───── Entries provided
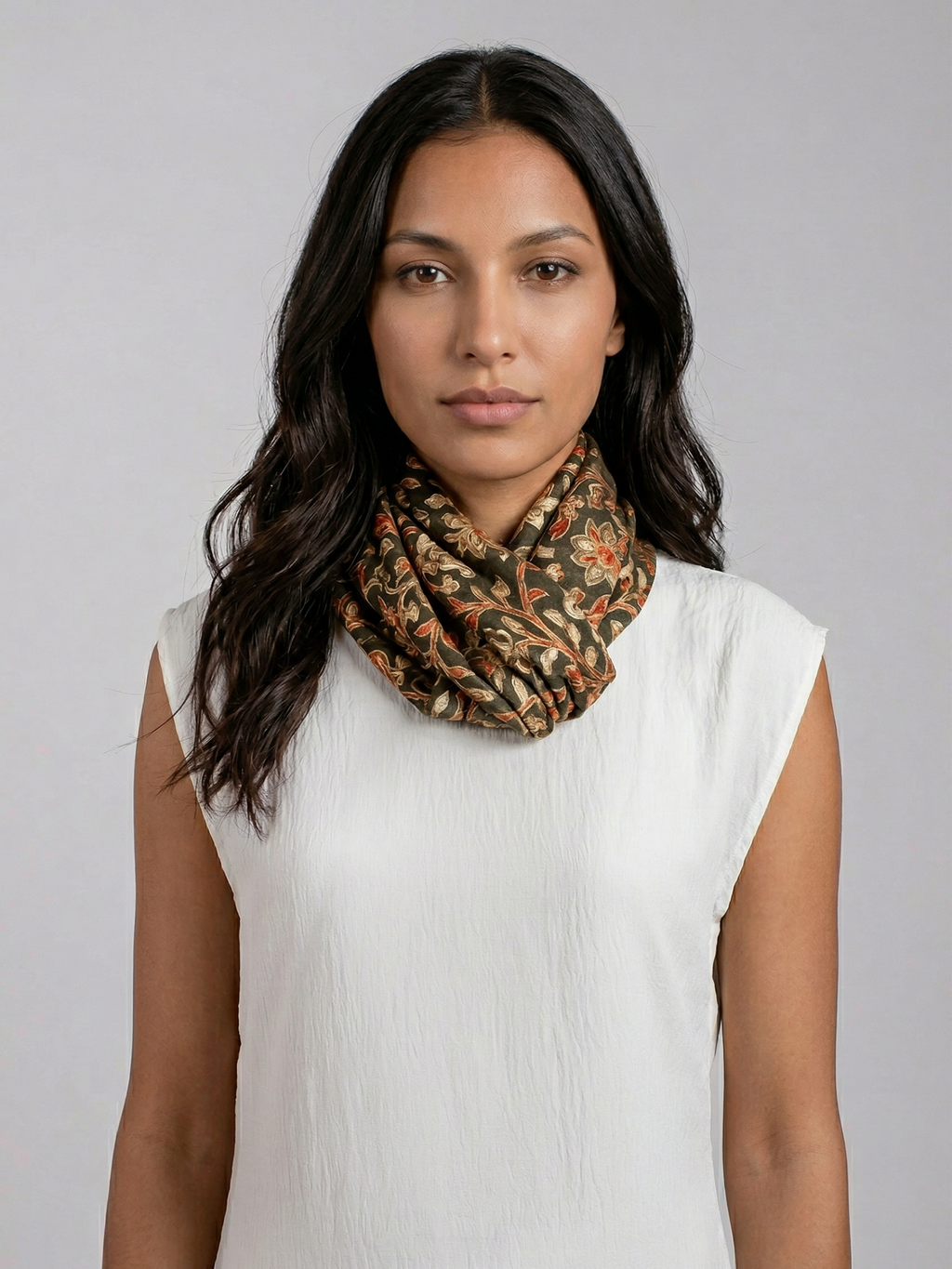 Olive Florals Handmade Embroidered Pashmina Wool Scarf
──────────
───── Entries provided
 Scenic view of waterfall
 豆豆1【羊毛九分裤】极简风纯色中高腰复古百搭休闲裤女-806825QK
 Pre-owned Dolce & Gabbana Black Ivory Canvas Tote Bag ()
──────────
What you should do →
Everything above from the line containing "豆豆1【羊毛九分裤】极简风纯色中高腰复古百搭休闲裤女-806825QK" down to the line containing "Pre-owned Dolce &" is to be transcribed exactly, with both of those lines included and nothing else added.

Task output →
 豆豆1【羊毛九分裤】极简风纯色中高腰复古百搭休闲裤女-806825QK
 Pre-owned Dolce & Gabbana Black Ivory Canvas Tote Bag ()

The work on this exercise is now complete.